Глядел он волком, хмуро, но не зло. Должно быть, не так плохо все с Багулкой разрешилось.
– Отправляемся, – согласился Одолен, поднимаясь из молитвенной позы.
За спину ему шагнула Багулка, пощекотав ухо раздвоенным языком.
– Не боишься мести своей «бледнорожей» за то, что стольким людям тайну целебных вод раскроешь, а, «преданный» волхв?
– Богиня знает разницу меж разбазариванием тайн из прихоти и из надобности, – осадил ее Одолен, упредительно глянув исподлобья. – К тому же ты так или иначе узнала бы о том, где лежит враг всех ужалок Костей Бессмертный. Коли не от меня, так «сорока на хвосте» принесла бы. Ежели тебе, гадюке подколодной, о том известно будет, так пусть и наши волкодавы о том пронюхают. Для равности.
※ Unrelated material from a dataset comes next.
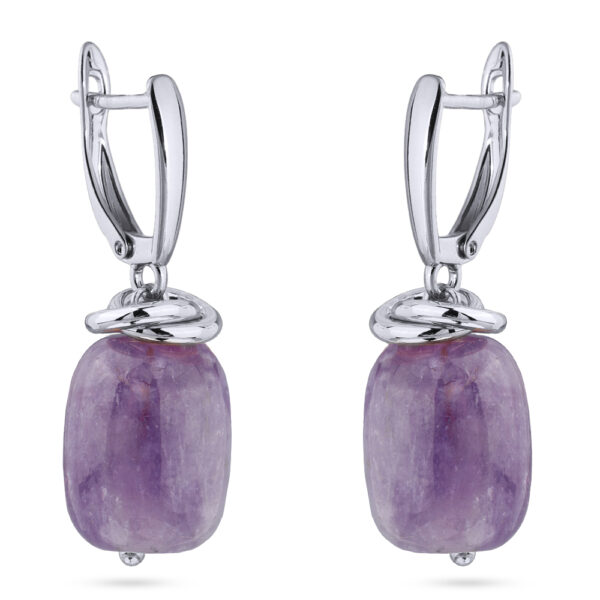 Серьги  (аметист фиолетовый 15мм;  покрытие родий)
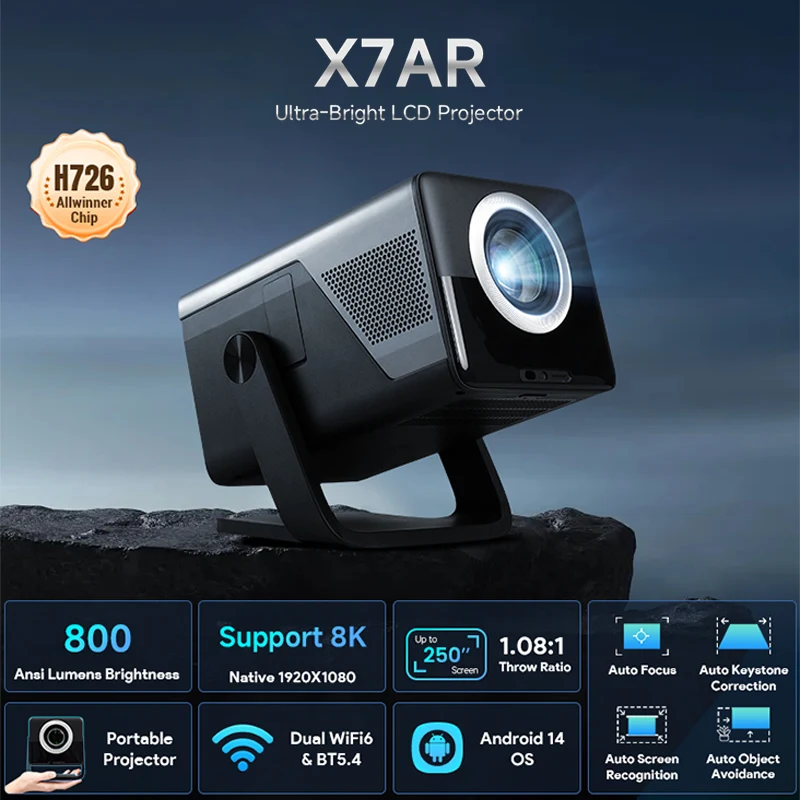 X7 AI Smart Projector, Android 14, 1080P, 1000 ANSI - Image 1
Багулка шипяще рассмеялась и погладила свернувшегося у нее на шее аспида. С момента, как Одолен дал ей клятву вернуть шкуру Царевны-лягушки (способной, оказывается, в ворожея обращать!), она пребывала в необычайно благостном расположении духа.
В скале зияла узкая, ломаная расщелина, уводящая вниз, под гору. Туда Одолен и направился. Остальные нестройно потянулись следом. Замыкал шествие Коленца, то и дело оглядываясь на выход. Да что он беспокойный такой?
Беспокоился Ганька неспроста. Всю младую неделю, за которую они с Гармалой пересекли княжества с запада на восток, прыгая по козьим тропам, аки заправские горные козлы, во снах ей являлся Вёх. И нудел (хлеще Гармалы с его поучениями!), что снять порчу, попросту разбив науз, у волкодавов не выйдет. Силушки не хватит превозмочь волю ворожея, захлебнувшегося обидой.
Ганька отчаянно пытался ему не верить. Ну где это видано, чтоб охотники на чудищ с ворожбой не сдюжили?! Но на душе скребли кошки. А ну как и впрямь не сдюжат? Тогда ведь (уму непостижимо!) судьба Подлунного мира на плечи безликого скомороха ляжет!
И как ему выбрать, что в сердце впустить: ворожбу али нож?
Ганька хлюпнул носом и одернул рукава рубахи, скрывая серебристые брачные наузы на запястьях. Ну да ладно, как говорится, лиха беда начало. То бишь, это только начать трудно, а дальше уж как по маслу пойдет. Дай-то бог.